Joseph Heath est un philosophe canadien né à Saskatoon en 1967. Il enseigne actuellement à l’Université de Toronto. Diplômé de l’Université McGill et de l’Université Northwestern, il a notamment étudié sous la direction du grand philosophe allemand Jürgen Habermas. Depuis plusieurs années, il développe une théorie de l’éthique des affaires basée sur la protection de l’efficacité du marché.

1- Sur quels principes l’éthique d’entreprise devrait-elle reposer aujourd’hui?

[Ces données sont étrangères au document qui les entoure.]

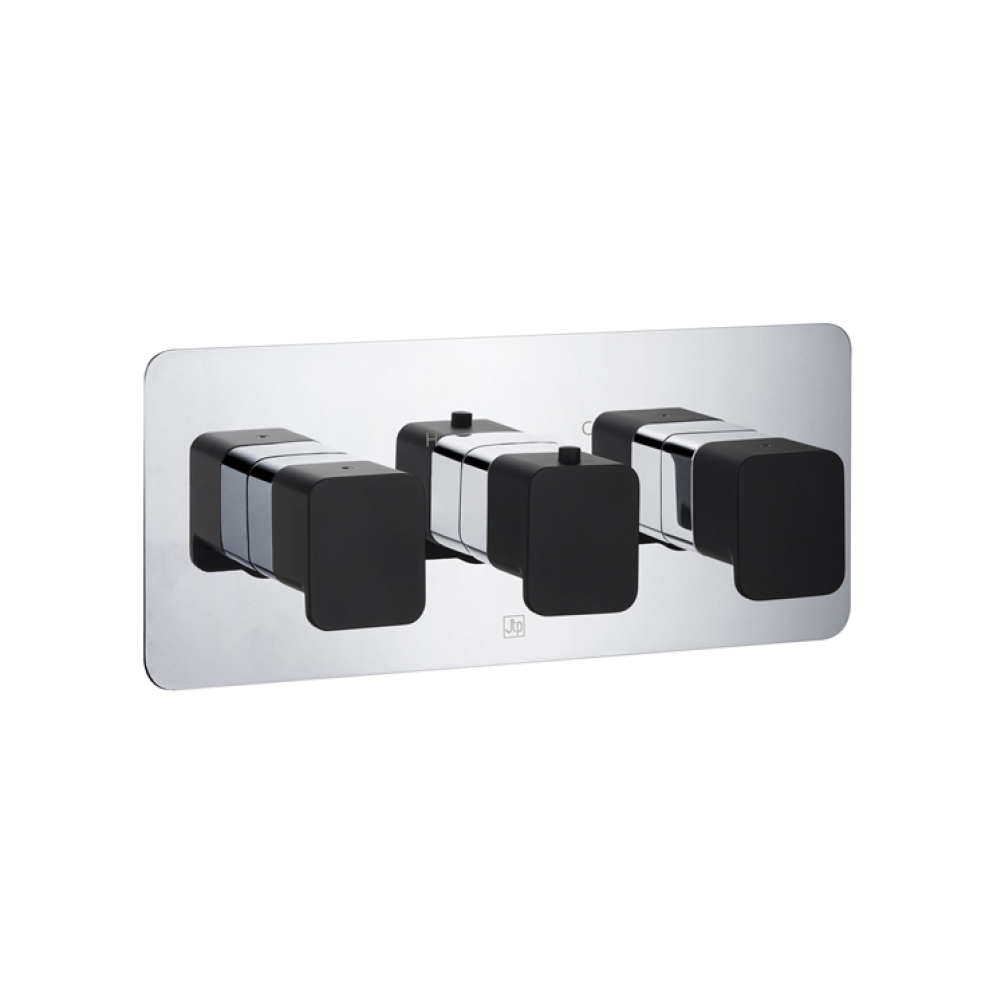 Photo of JTP Axel Chrome & Matt Black Landscape Twin Outlet Shower Valve Cutout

Le fondement de l’éthique des entreprises est tout simplement le marché lui-même, ou plutôt son bon fonctionnement. Nous avons choisi l’économie de marché parce que nous l’estimons efficace pour produire et distribuer des biens et des services. Une conduite qui nuit au marché, qui le met à risque ou qui cherche à profiter de ses dysfonctionnements n’est pas éthique. Le monde des affaires ressemble au poker. Vous ne pouvez pas y espérer le même niveau d’honnêteté que vous attendez des gens dans la vie quotidienne. Si vous demandez votre chemin à un passant, vous vous attendez à ce qu’il vous indique le meilleur itinéraire, mais si vous demandez à un vendeur d’automobiles quel est le plus bas prix auquel il accepterait de vous vendre une voiture, vous ne pouvez pas espérer le même type de vérité.

2- Est-ce à dire que tout est permis, à condition de respecter les lois et les règlements?

Justement, non. Par exemple, si tous les commerçants mentaient tout le temps en faisant seulement attention de ne pas être accusés de fraude, les marchés deviendraient très dysfonctionnels. Nous devons trouver une éthique appropriée au contexte du marché. Dans le cas du mensonge, profiter d’une asymétrie de l’information est peu éthique. Si vous vendez une ampoule en prétendant qu’elle va durer 20 ans, le consommateur ne peut pas le vérifier et n’a donc que peu de moyens de se défendre si c’est une fausseté. Le fait de profiter d’externalités négatives sans en payer un juste prix constitue un autre exemple de comportement peu éthique. C’est le cas de la responsabilité d’une entreprise par rapport aux changements climatiques. En l’absence d’une tarification suffisante sur le carbone, l’émetteur de gaz à effet de serre tire un profit exagéré de cette externalité négative en déplaçant le coût de ses activités aux générations futures.

3- Comment, alors, déterminer les questions morales sur lesquelles l’entreprise doit intervenir?

Une entreprise ne devrait pas se prononcer sur une question moralement controversée, comme la déconstruction de la binarité des genres ou l’avortement. Toutefois, elle a l’obligation morale d’agir en ce qui concerne les changements climatiques. Vous pouvez penser ce sujet de manière très neutre, par exemple pour identifier les externalités négatives ou montrer l’incidence de la dégradation du climat sur les conditions de production de biens et de services, sans invoquer des croyances morales ou religieuses. Cela dit, mon rôle en tant que philosophe n’est pas de dicter aux dirigeants d’entreprise comment se comporter, mais plutôt de les aider à répondre plus facilement à ces questionnements.